The IMF’s latest Regional Economic Outlook: Western Hemisphere sheds light on Latin America’s reliance on commodities from a historical perspective. Our study also looks at the effect of a sharp decline in commodity prices on emerging market economies and on the policies that could shield countries from that shock.
More dependent but also more diversified
The reliance on commodity exports can be looked at as a share of GDP (commodity dependence) as well as relative to total exports of goods and services (export diversification).

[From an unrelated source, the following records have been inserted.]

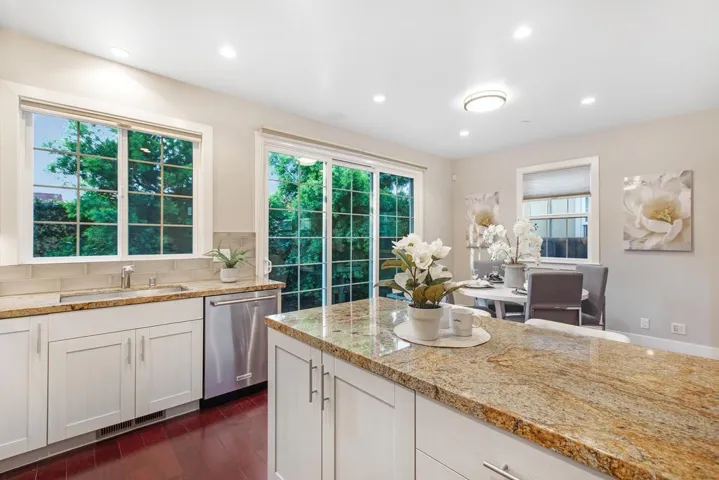 1088 Ed Roth Terrace, Sunnyvale, California 94086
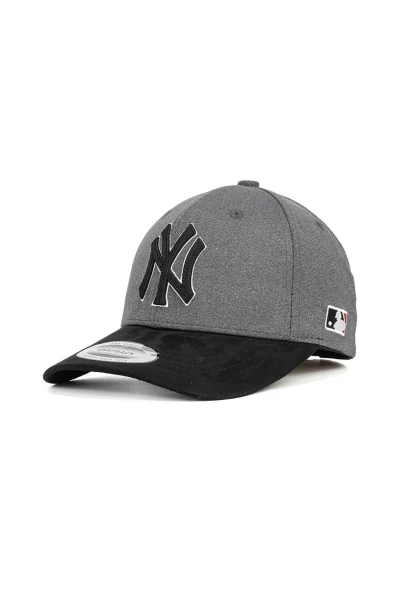 Casquette ZEN, Gris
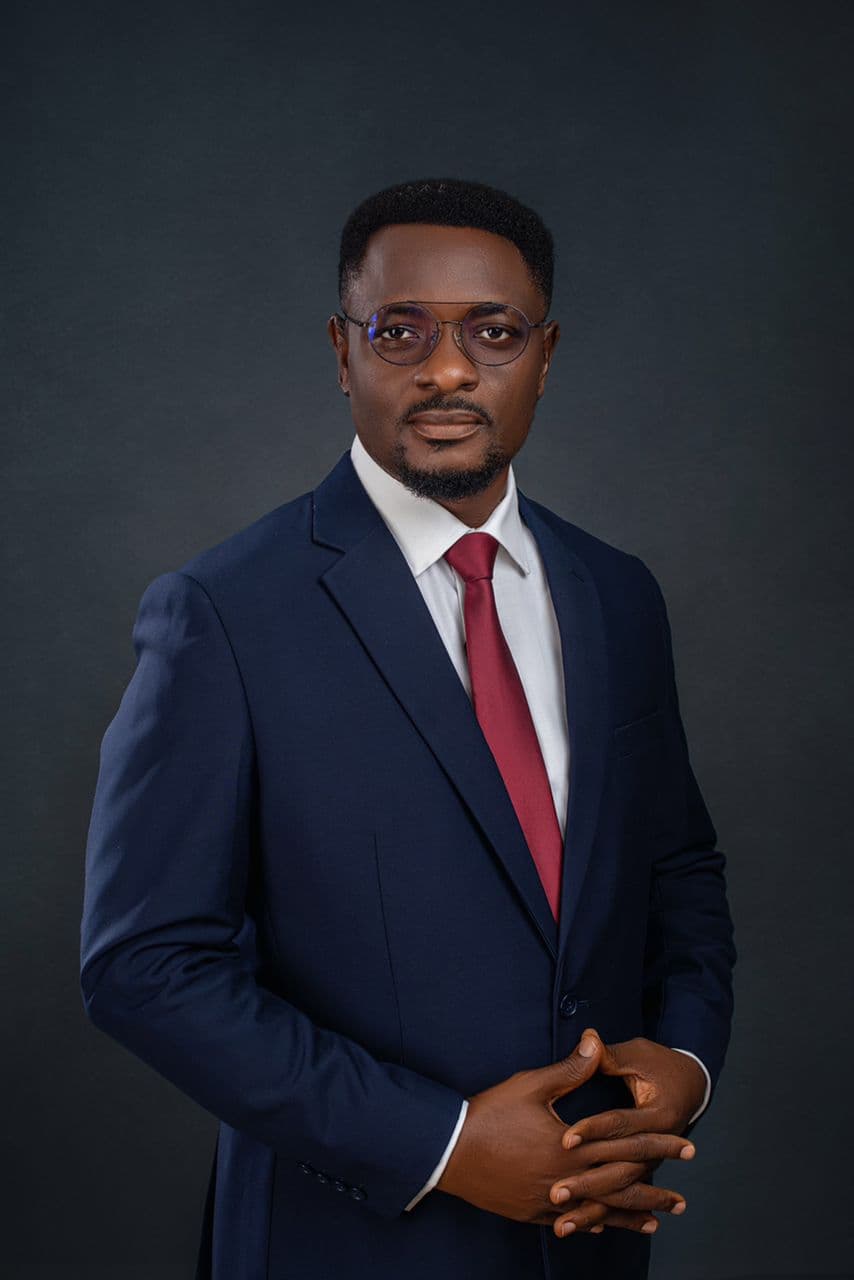 Chukwuemeka Okoye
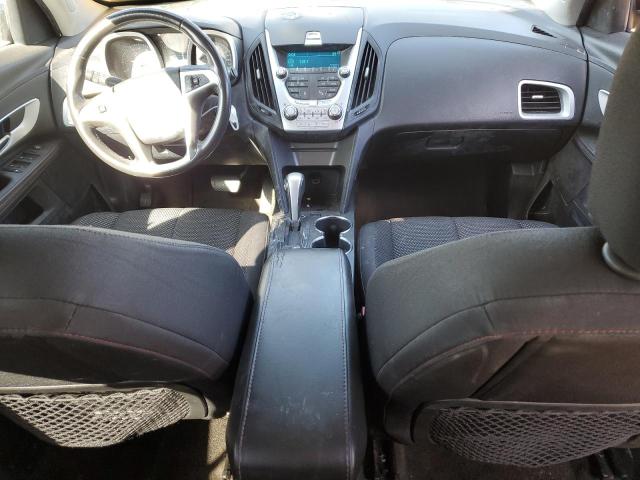 Photo 8 from auction – 2011 CHEVROLET EQUINOX LT with VIN 2CNALDEC4B6389916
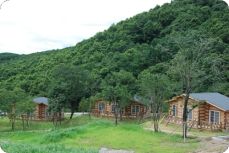 용인자연휴양림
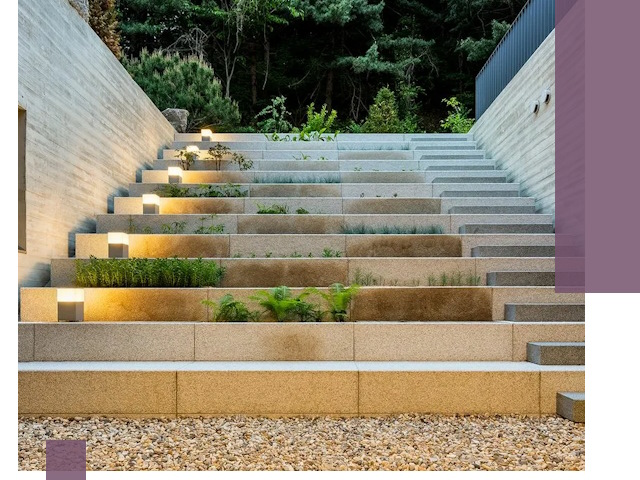 Монтаж лестниц под ключ в Энгельсе — быстро и качественно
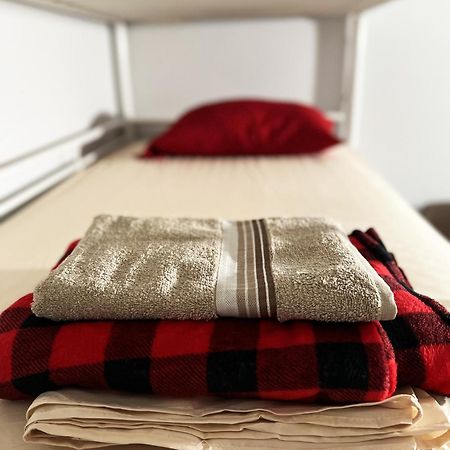Fruit Hostel Лос Анджелис Екстериор снимка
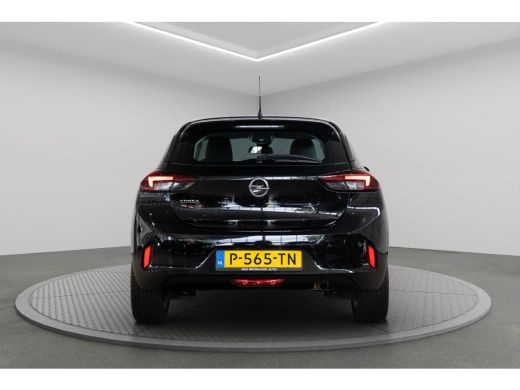 Opel Corsa 1.2T 100PK Elegance | Camera | Navigatie | Parkeersensoren | Apple Carplay & Android Auto | Dodeh... ActivLease financial lease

The first ratio tells us about the potential impact of a commodity price shock on domestic output, while the second tells us about the economy’s ability to adjust to a commodity price shock. There are significant differences within the region across these two dimensions:
- South America is as commodity dependent (or more) as four decades ago, with exports of basic goods reaching about 10 percent of GDP in 2010 (see Figure 1, left panel). But this contrasts markedly with the pattern seen in Mexico and Central America—where commodity dependence has fallen sharply, reaching balanced trade in 2010. It is also very different from the trend observed in emerging Asia, which has gone from being a net commodity exporter in 1970 to a net importer in 2010.
- At the same time, Latin America as a whole is today more diversified than four decades ago, as noncommodity exports have grown even more rapidly than commodity exports during the past 40 years, especially in Mexico & Central America (see Figure 1, right panel). But not all countries have followed this trend: heavy energy (Colombia, Ecuador, and Venezuela) and metal exporters (Chile and Peru) have witnessed both increasing dependence on and little (or no) diversification away from commodities, making them especially vulnerable to a commodity price slump.

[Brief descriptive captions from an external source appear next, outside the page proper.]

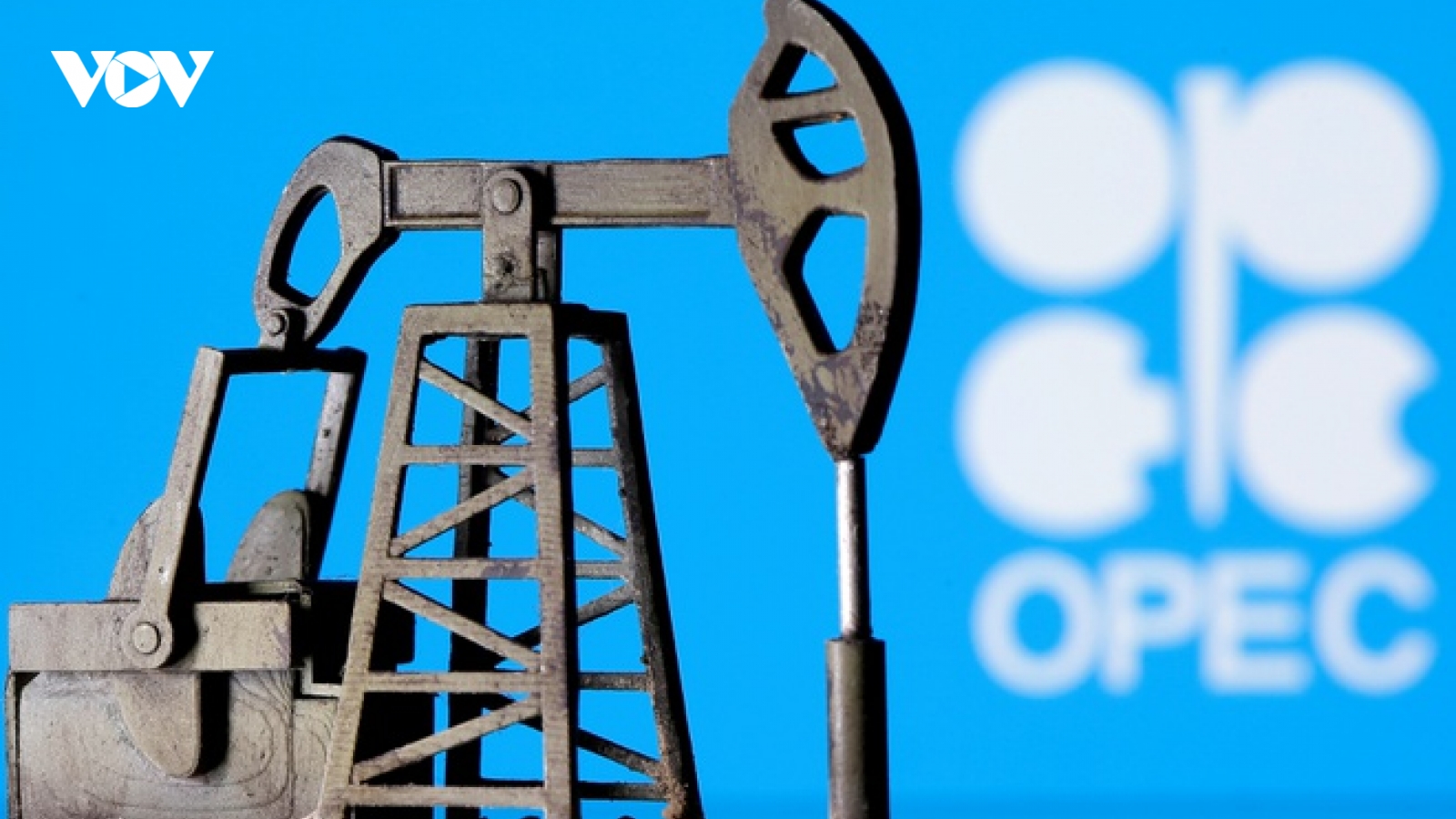 Ngoại trưởng Nga: Không có lý do gì để hủy bỏ cơ chế OPEC+
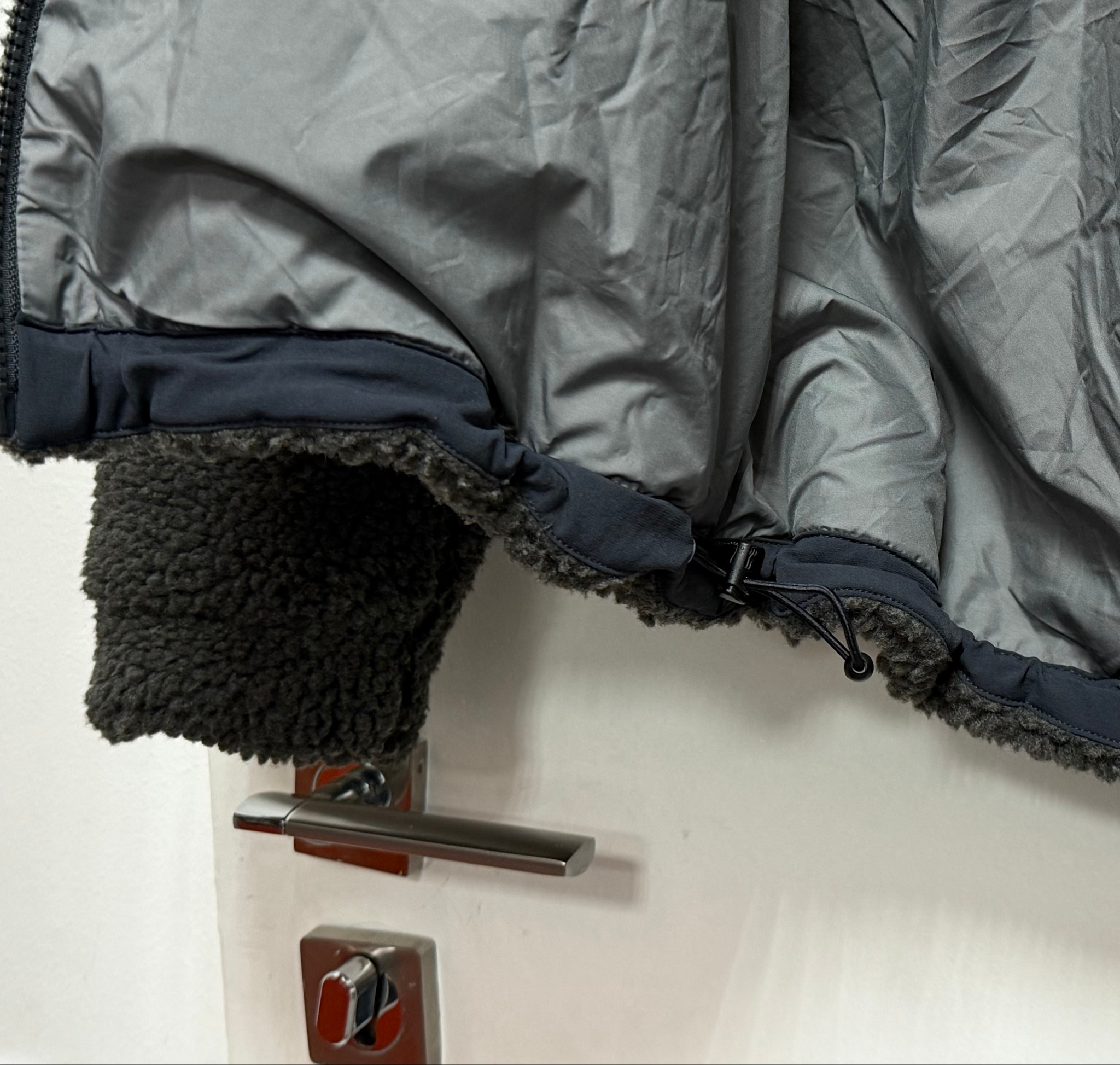 Rab Original Pile Sherpa Jacket, миниатюра 7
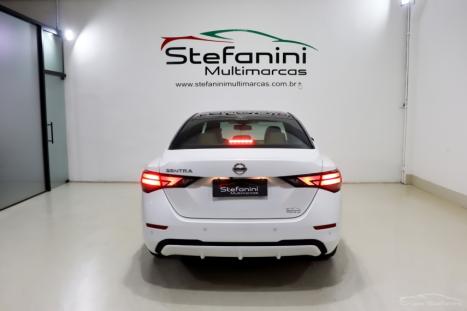 NISSAN Sentra 2.0 16V 4P EXCLUSIVE AUTOMTICO, Foto 13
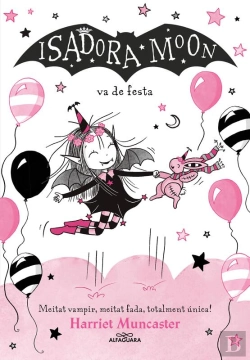 Bertrand.pt - La Isadora Moon 15 - La Isadora Moon Va De Festa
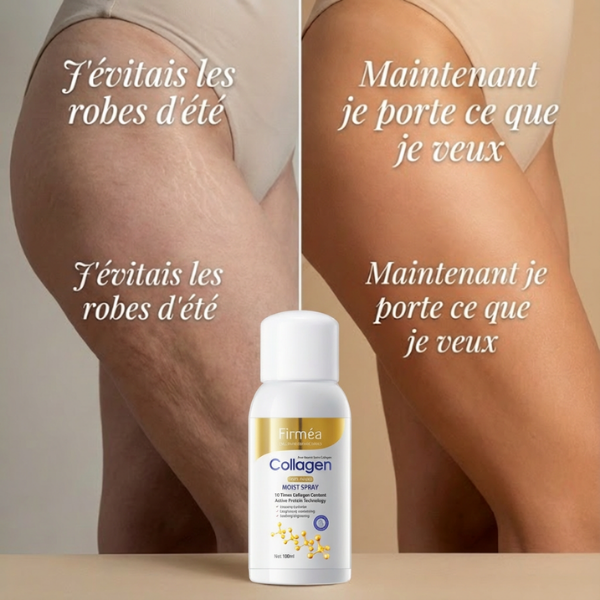 Vitalité Essentielle Facebook ad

Metal and energy prices are highly sensitive to global growth
Prices of many commodities have moved closely during the last cycle, but the magnitude of their booms and their sensitivity to global output have varied across categories (see Figure 2):
Energy and metal prices have tripled since 2003, and current prices are not far from the historic peaks of the 1970s. However, these prices are highly sensitive to global output, as seen during the 2008–09 crisis and all previous recessions (the only exception being the oil shocks of the 1970s).

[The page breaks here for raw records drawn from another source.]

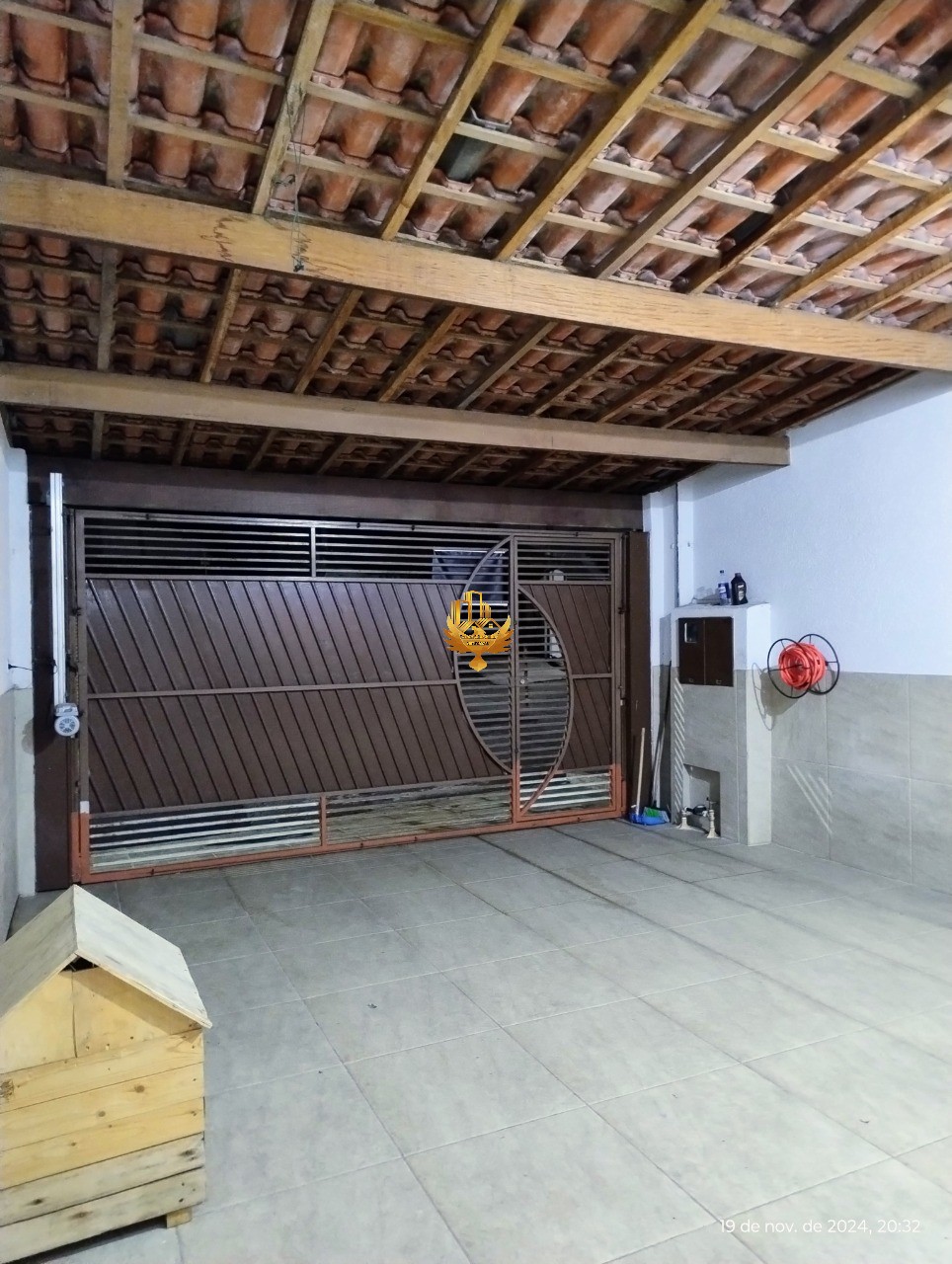Casa à venda com 2 quartos - Foto 31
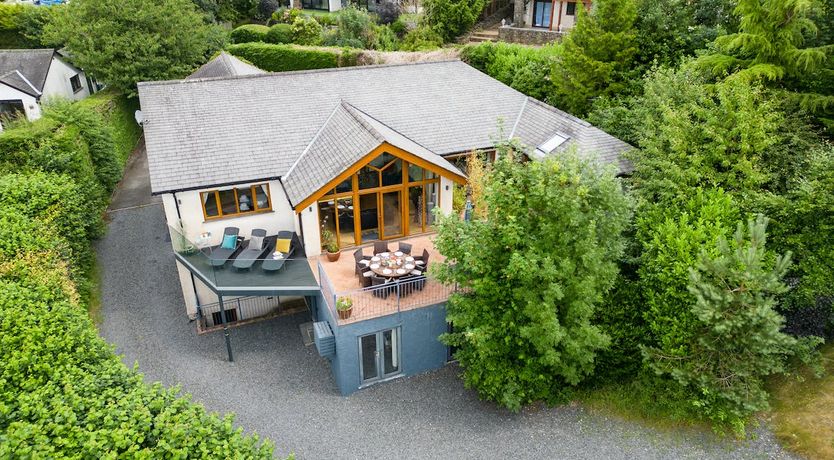 Photo of Take Me to the Lakes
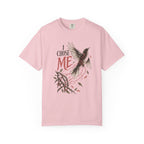 I Chose Me Recovery Empowerment (Bird) T-Shirt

The surge in food prices since 2003 has been less spectacular. Prices are up about 50 percent, and they have only partly reversed the pronounced downward trend seen for several decades. At the same time, food prices are much less sensitive to world growth.
The history of sharp terms-of-trade drops during the past 40 years tells us that these price shocks can have a sizeable impact on the region, and can be even more important than other external shocks (see Figure 3). But their magnitude cannot fully explain how countries fare during episodes of price busts.
Instead, policies during the boom years play a critical role in determining a country’s subsequent economic performance. Our study finds that:
- Countries that behave more prudently during the boom phase of commodity price cycles—preventing a deterioration of their underlying fiscal and external positions—perform better during the bust.
- Exchange rate flexibility is a powerful shock absorber, although less so in the context of highly dollarized economies.
- In countries with strong fundamentals, the extent of financial integration with the rest of the world can also play an important role in buffering the shock, by helping to keep external funding available.
Latin America has reaped the benefits of the commodity boom of the last decade. But preserving those gains requires undertaking the right set of policies to be prepared for a possible bust, while favorable conditions last. This is especially important in the case of metal and energy exporters, which are particularly vulnerable to a global slowdown.